When my wife, Jenny, and I moved to Charleston, South Carolina, after pursuing careers in New York City for twelve years, the thought of warm winters and real wood-smoked barbecue and the prospect of getting a hunting dog (we had our hearts set on a Boykin spaniel) seemed too good to be true. Then my wife found a downtown carriage house for rent that was built in 1785 and had a postage-stamp courtyard garden. She called from the garden, and before she was halfway through her description, I said, “Rent it!”

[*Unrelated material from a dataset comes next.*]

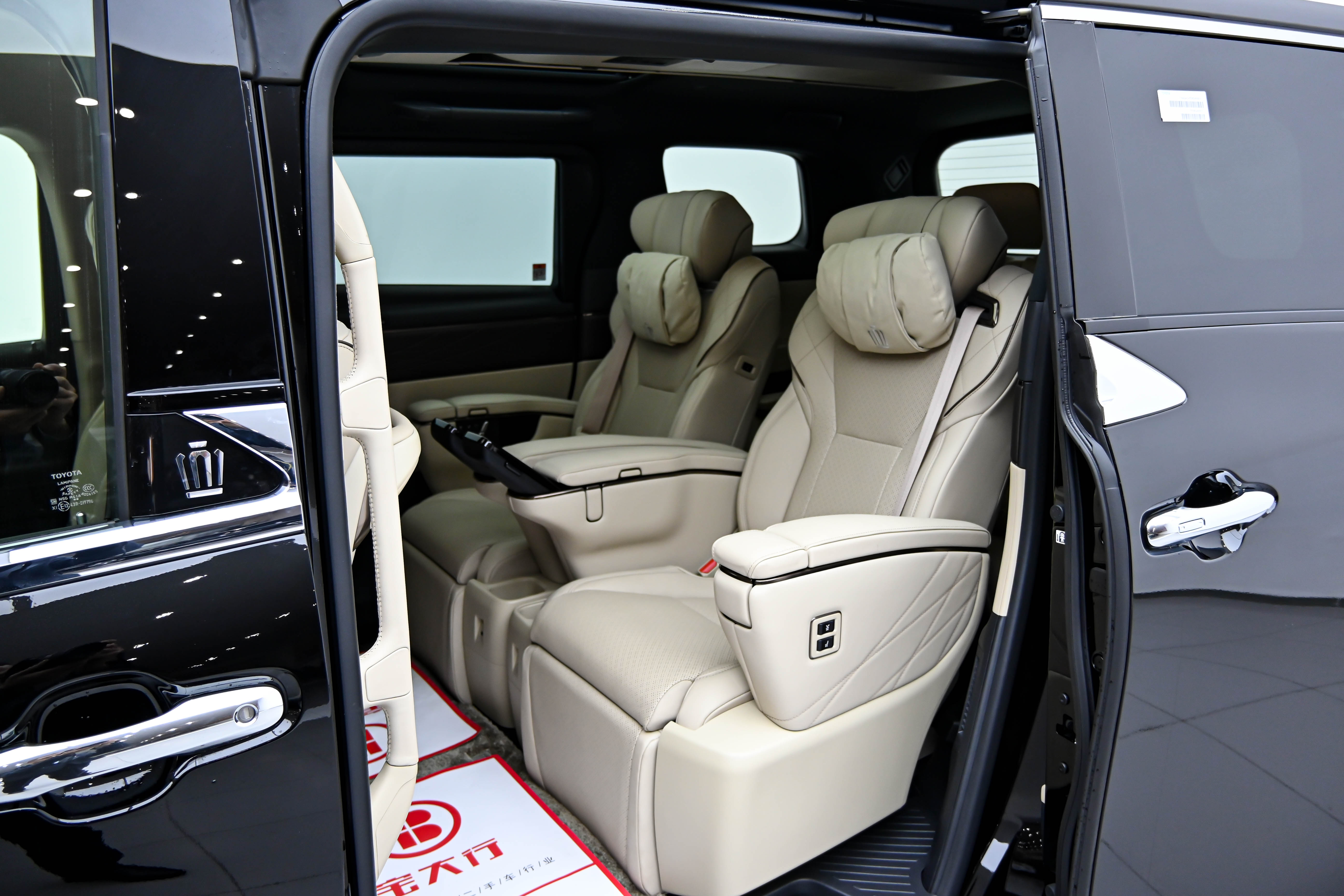 Toyota Vellfire 2026 صورة سيارة #12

After moving in, Jenny and I were quickly reminded that those warm winters meant nothing ever really stopped growing, and we learned to stay vigilant with the trimmers. The lush creeping fig that covered the old brick walls raced across any surface it had not yet conquered. Overnight, it seemed, the tendrils could practically lash the front gate closed. The loquat tree also made aggressive moves to take over our space, but its branches did bear tremendous fruit. (Jenny experimented with all types of loquat recipes, eventually settling on a cobbler that paired perfectly with vanilla ice cream.) We now fully understood that gardening wasn’t a passive hobby, but mostly we just enjoyed ourselves. I have a picture from our first week in the house. It’s a Saturday morning and we’re sitting in the garden celebrating with mimosas. In the background I can see the camellias in full bloom, and though they’re not visible in the frame I know the fragrant rosemary bush is anchoring the corner and the delicate maidenhair fern is lining the walkway.
We were truly living the dream. And for a few months I walked the neighborhood as if in a dream, peering through the gates at the regal gardens shaded in spots by two-hundred-year-old live oaks and majestic magnolias lifting their blossoms high into the sky. When the Boykin joined our world, I’d wake at dawn when we weren’t training for the field, and we’d cover large swaths of downtown, watching the seasons take hold of the gardens as caring hands nudged them into full display. I told friends, if there’s a more beautiful place in the country to walk your dog, I’m certainly not aware of it. Eventually, when children entered our lives, we outgrew the carriage house and moved just outside of the Holy City proper. But when it came time to choose a location for the cover of G&G’s garden issue, I knew we needed look no farther than downtown Charleston.
What we found, with the help of the Historic Charleston Foundation, was a private half-acre garden owned by Betsy and Gene Johnson. When the Johnsons bought the home in the mid-nineties, the garden wasn’t much to look at. Some of it had even been turned into a parking lot. In the process of bringing it back, Gene admits to making just about every mistake possible, like “planting things that would be happier growing in Alaska than in Charleston.” But by focusing on one small area at a time, he eventually created eight garden rooms connected by gravel paths. And in doing so brought even more beauty to downtown. “I hate to think about gardens that are lost,” he says. “And they’re lost all the time. Through this effort I felt like I gave something back to Charleston.”